Фактически трибуна, предоставленная обществу для ускорения реформы судебной системы, используется для попыток объявить ей вотум недоверия.

Презумпция виновности

Вероятно, это можно объяснить слишком долгой исторической памятью, так характерной для русской ментальности. В этом смысле, наши сограждане подобны римлянам, которые, как известно, были настолько впечатлены видом галлов II века до н.э., что и 300 лет спустя новых варваров – германцев – изображали в той же традиции: голыми, лохматыми и конными, хотя те были пешими, и в отличие от римлян носили штаны, а волосы мазали маслом.
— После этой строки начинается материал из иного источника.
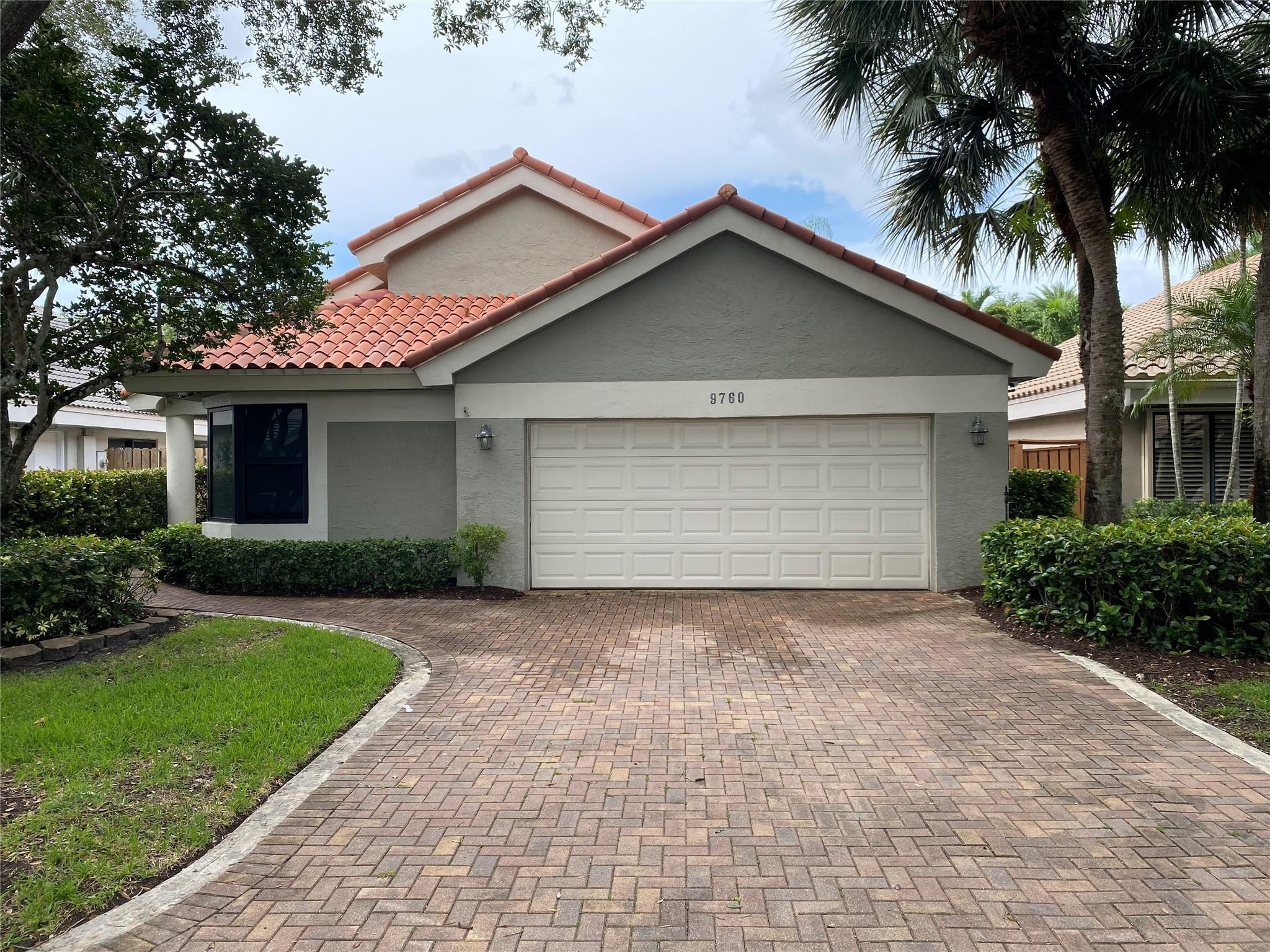 Highly desirable Plantation Cross Creek II neighborhood. Impact windows and  slider doors! Spacious floor plan with updated kitchen, baths and brand new central A/C in 2025. 3/2 with 2 car garage, screened  salt water pool/spa/patio area and green turf side yard. Living area and primary bedroom/bath open up to the outside pool/patio area. Very private! See pics for updated kitchen and bathrooms. Oversized primary bedroom with two large closets. Flexible floor plan! Salt water pool.  HOA approval required. Please review rules/regs before submitting an offer. Parking restrictions, etc. HOA fee includes front lawn service.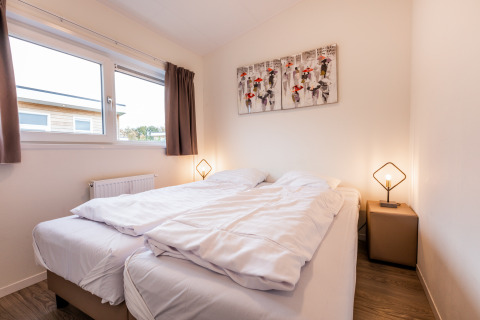 Acogedor dormitorio de lodge con cama doble, mesitas, lámparas modernas y ventana con cortinas.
Похожую историю можно заметить, изучая следы шока от 1937 года в общественной памяти. Отказ новых российских властей от проведения собственного "нюрнбергского трибунала" (открытого суда над преступлениями советского режима) привело к укоренению травматической памяти в подсознании общества, что препятствует восприятию новых государственных институтов вне контекста советских. Отсюда же и предвзятый характер оценки реформ правосудия: локальные ошибки и недостатки раздуваются в тенденцию, достижения игнорируются, чтобы подкорректировать новую картину под привычный образ из прошлого.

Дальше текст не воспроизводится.